Bilet z miesiąca na miesiąc. Kiedyś w wiosce pojawia się niezwykła rodzima Marna. Tabu na nim pozwala mu swobodnie wędrować od doliny do doliny, od plemienia do plemienia. Jest w stanie wyjaśnić łamanym angielskim, jak to często bywa w zatoce. Marne jednoznacznie wskazuje Tomowi, że prędzej czy później na pewno zostanie zjedzony - taipei po prostu poczekaj, aż wyzdrowieje i stanie się silny. Tom decyduje się uciec. Marne zgadza się mu pomóc: będzie czekał na niego z łodzią w sąsiedniej dolinie, ale Tom musi iść tam sam w nocy, ponieważ jego noga stopniowo wraca do zdrowia. Jednak Tom nie odrywa oczu w nocy i strażników nie można oszukać.

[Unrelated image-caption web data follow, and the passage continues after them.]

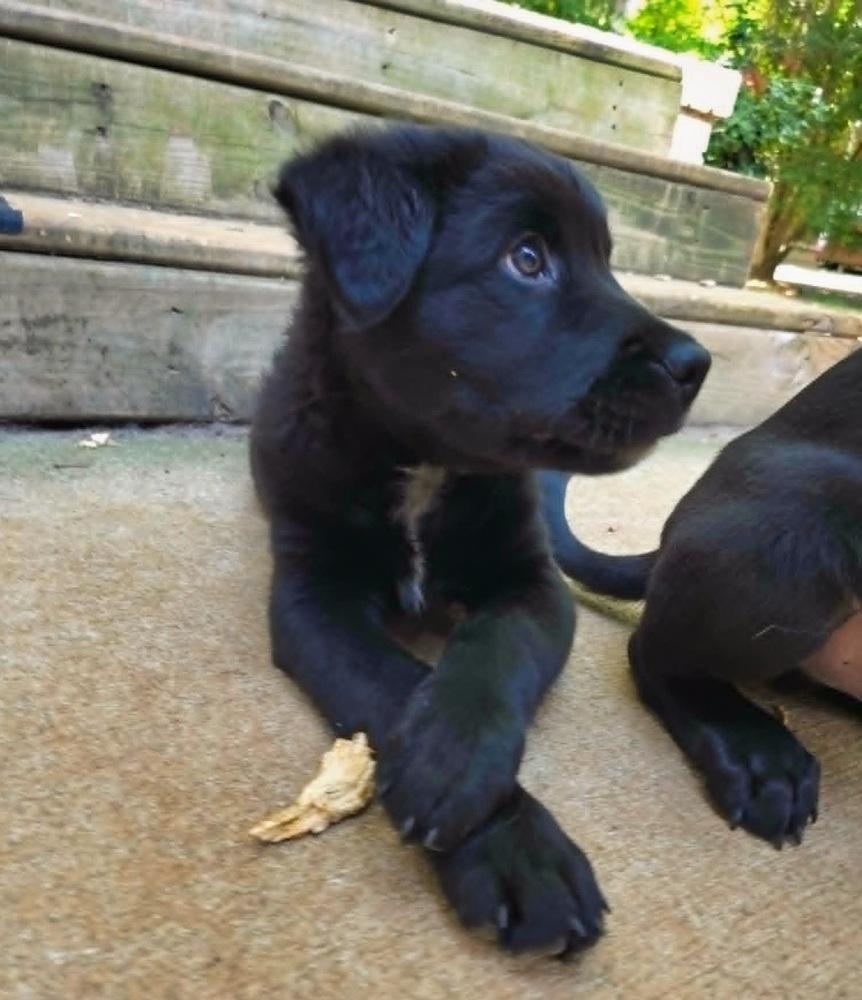 Enlarge Bayou, a Adoptable mixed breed in Wake Forest, NC image 5/6
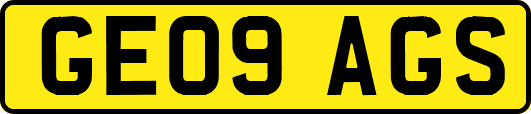 GE09AGS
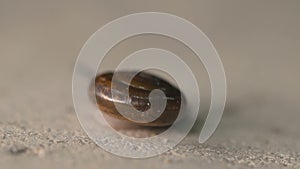 Garden snail on concrete floor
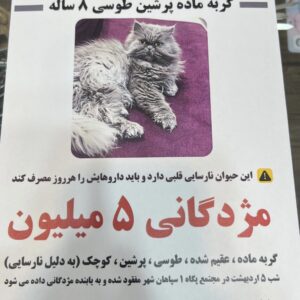 گربه پرشين گمشده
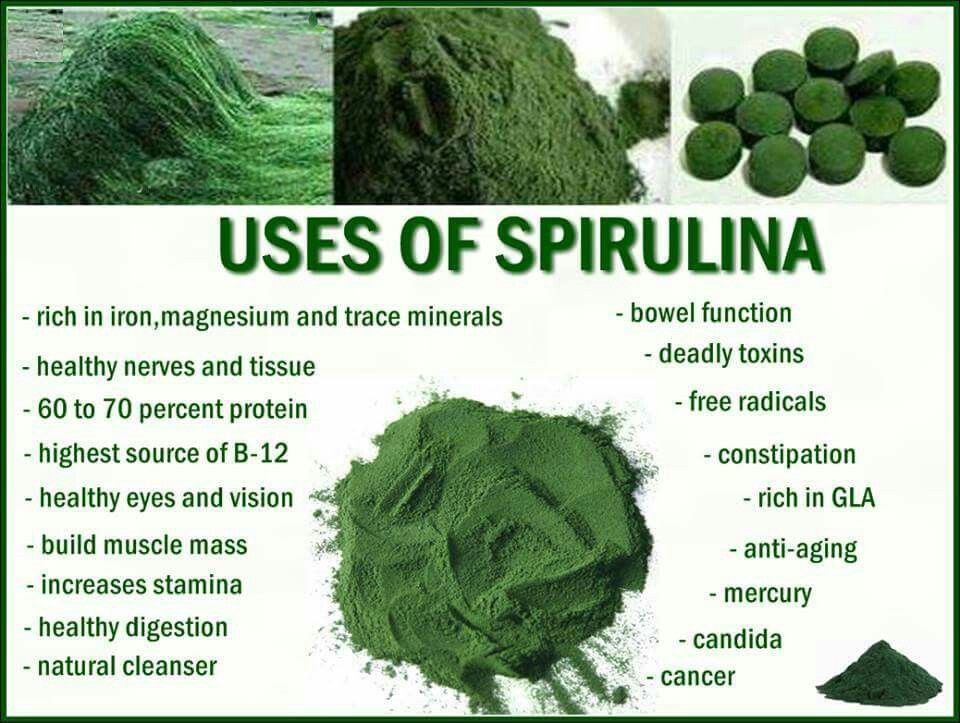 Bulk Price Tablets 500mg Raw Spirulina Health Products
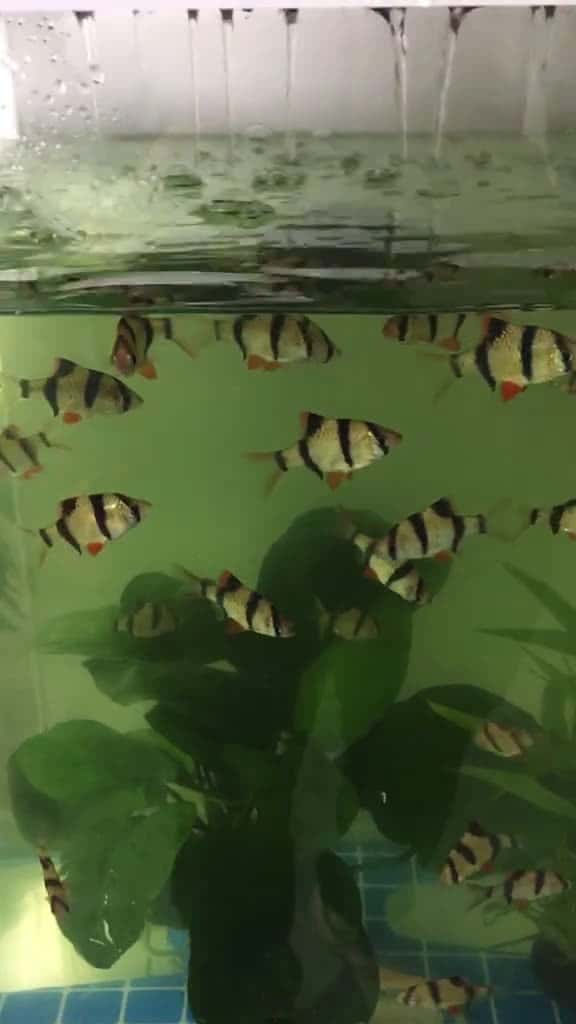 Cover for fyp 65630 #nicevideo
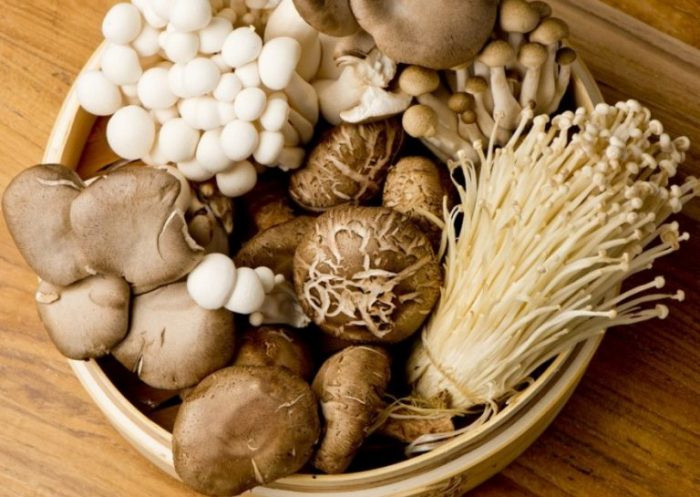 Các loại nấm giúp cải thiện hoạt động tim, đảm bảo một trái tim khỏe mạnh, từ đó ngăn ngừa và hỗ trợ điều trị hiệu quả các thể bệnh về tim mạch. Ảnh: namlimxanh.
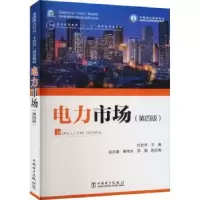 音像电力市场杜松怀主编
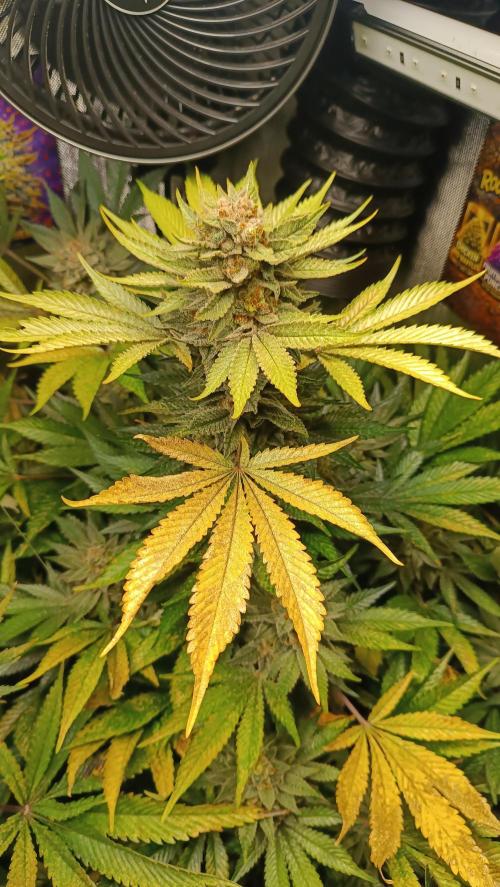 Rocko's Terp Test. Week 16 - SAK 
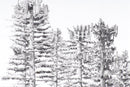 Can't see the forest...-4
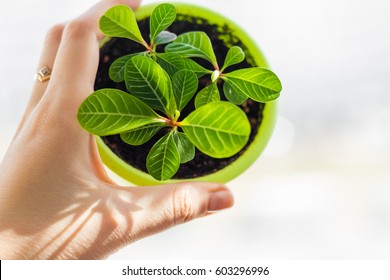 Euphorbia Leuconeura In Hand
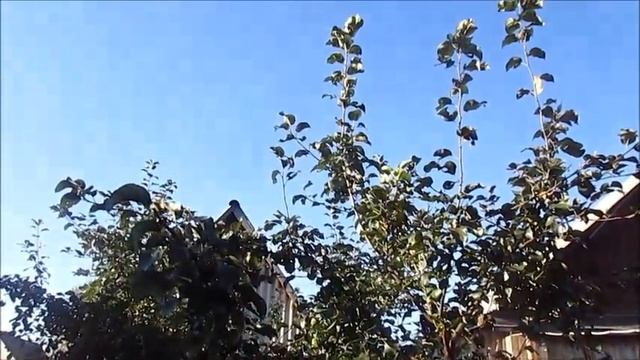 сад в сентябре смотреть онлайн
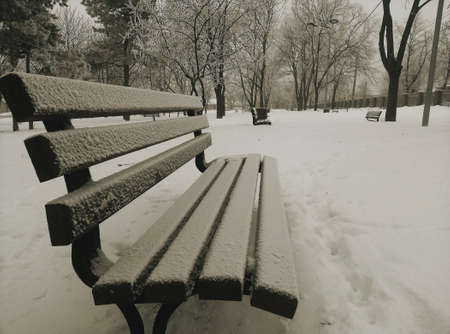 Wooden bench in the park covered with snowの素材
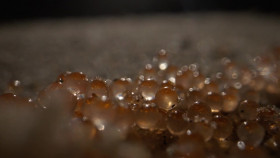 Nature S43E03 San Diego Americas Wildest City 1080p WEBRip x264-BAE EZTV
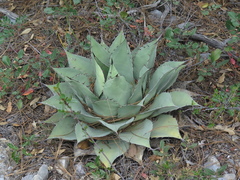 Agave ovatifolia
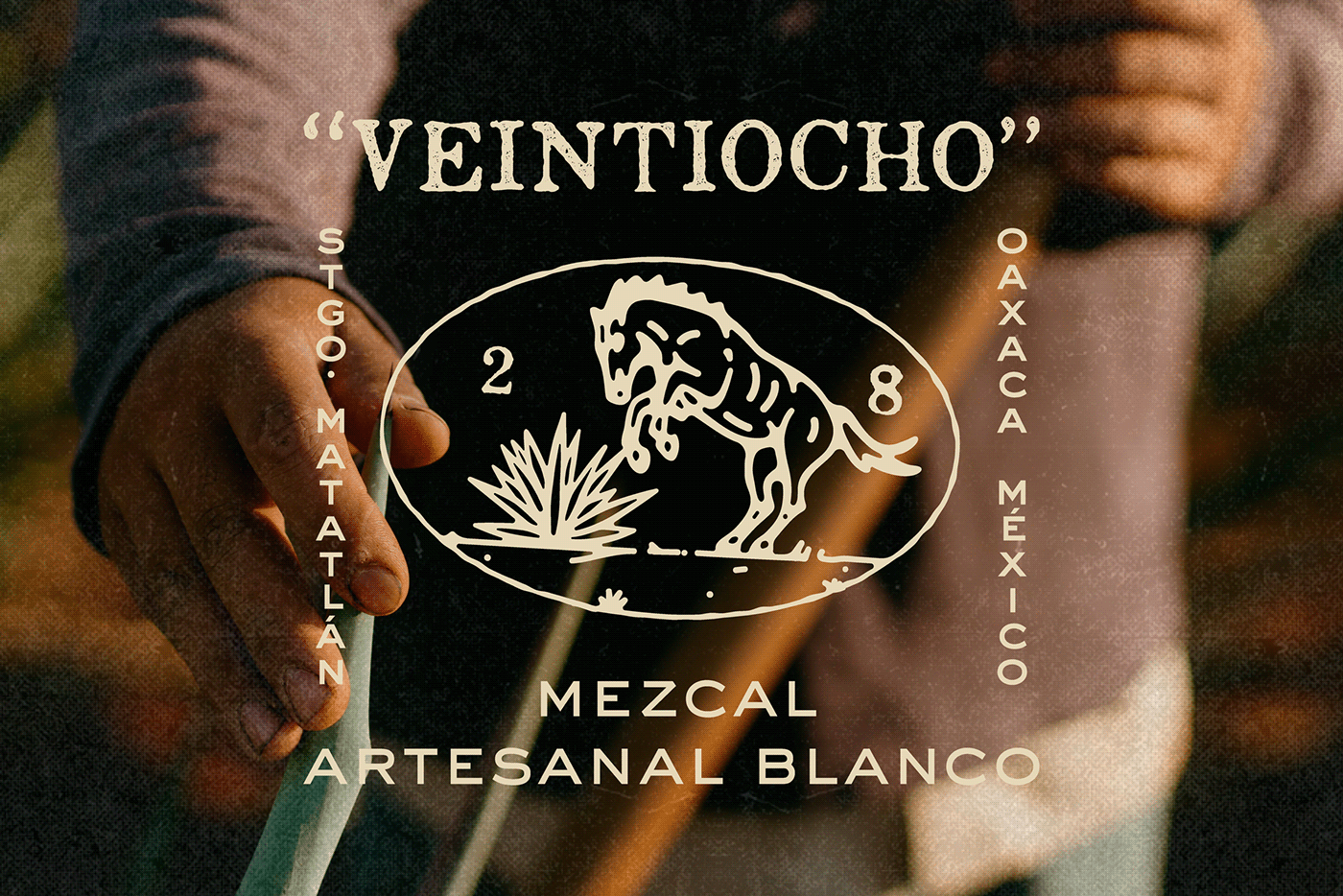 branding  Packaging mezcal Label Photography  mexico beverage oaxaca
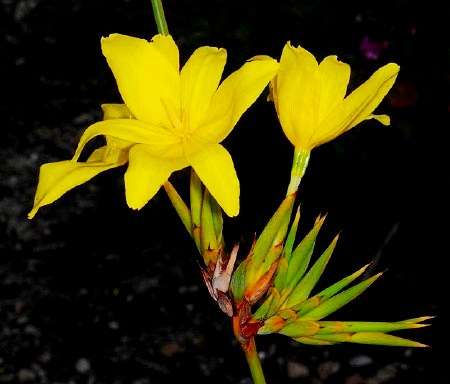 Bobartia longicyma Seeds - Indigenous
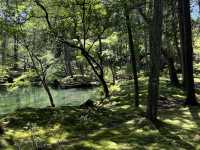 Saiho-ji (Koke-dera) in the Sunshine: A Refreshing Experience! ☀️🌿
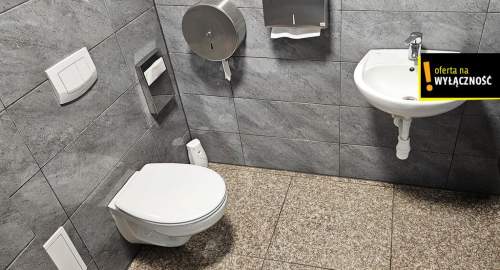 Ekskluzywny Siedziba Firmy na Wynajem - 350m2
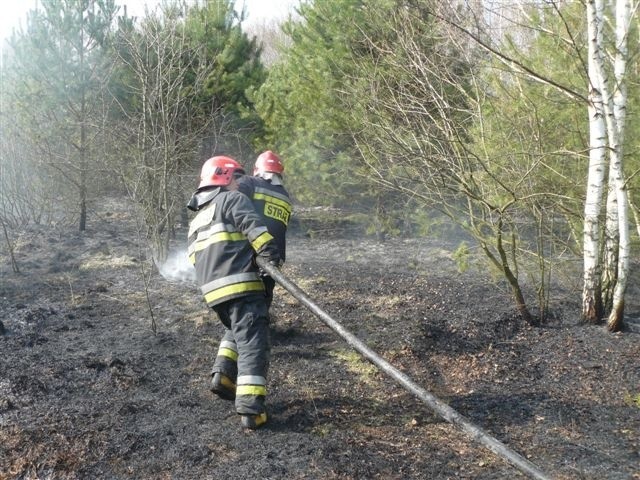 W powiecie szydłowieckim, od początku roku, doszło już do ponad 250 pożarów traw i nieużytków.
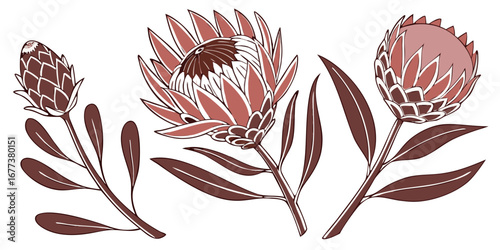 Protea Vector Set Exotic Sculptural Bloom Spiky Decorative Flower Illustration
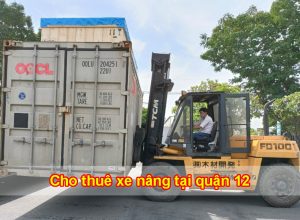 cho thuê xe nâng tại quận 12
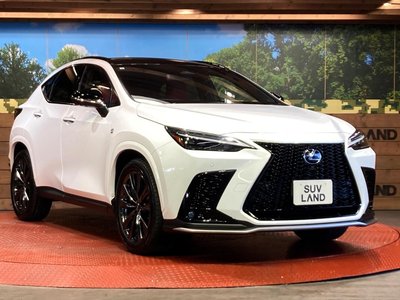 2023 Lexus NX 缩略图 16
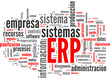 ERP (Enterprise Resource Planning; tag cloud español)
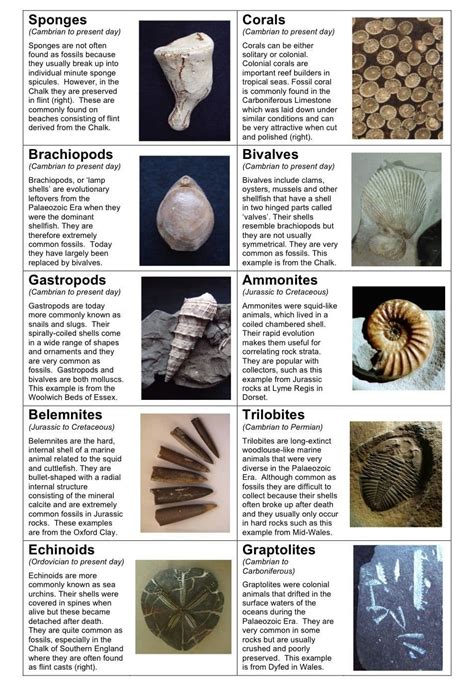 What Rocks Can Fossils Be Found In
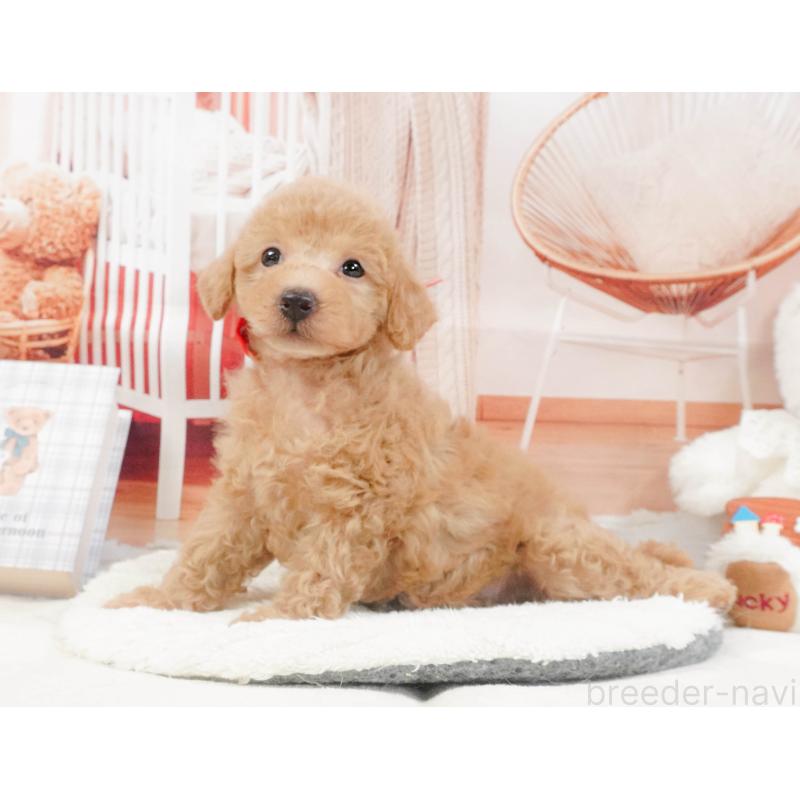 販売中の静岡県のトイプードル-407717の13枚目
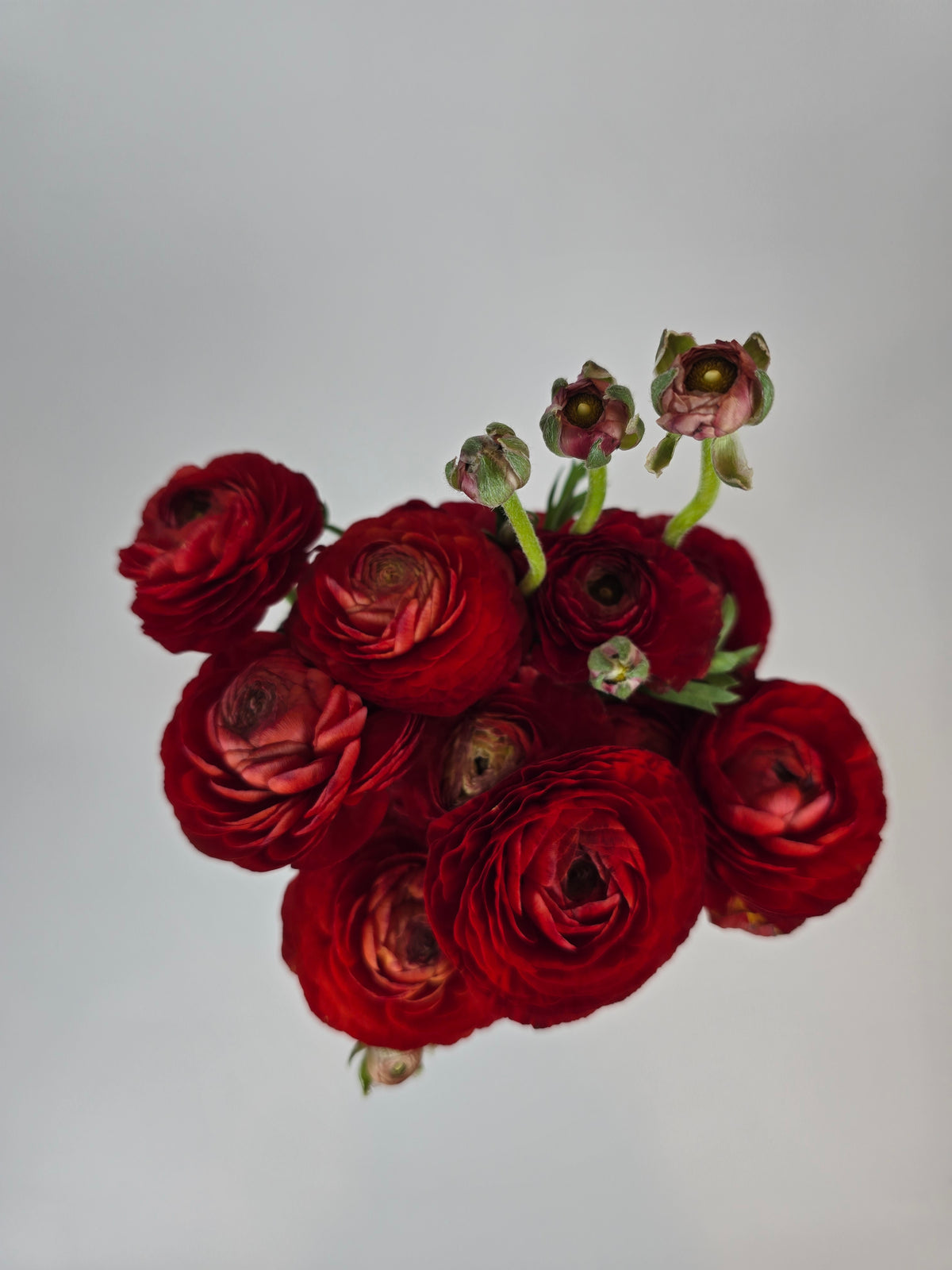 Recxd Ranunculus Red Ranunculus – The Flower Hype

Kilka tygodni później wioska znów była podekscytowana wiadomością, że na wybrzeżu zauważono łodzie, a Tom błagał przywódców, aby tym razem pozwolili mu odejść, przynajmniej tylko na lądzie. Ci z tubylców, którym udało się zaprzyjaźnić z Tomem i pokochali go w tym czasie, zwykle pozwalają mu wrócić z łodziami do zatoki, podczas gdy kapłani i wielu innych mówią, że nigdy nie należy tego robić. W końcu nadal może odejść - ale tylko pod ochroną pięćdziesięciu żołnierzy. Trwa jednak spór między tubylcami na brzegu; Tom, korzystając z okazji i z namysłem starego Marheillo, udaje się dostać na łódź, która, jak się okazało, została wysłana z australijskiej barki, aby spróbować targować się o wolność: Marne pojawiła się w zatoce i na statku dowiedziała się, że typi trzymają amerykańskiego marynarza w niewoli. Tubylcy pływają w pogoni za łodzią, ale wioślarzom udaje się odeprzeć atak. Kora, gotowa do natychmiastowego wypłynięcia w morze, już czeka na przylądek.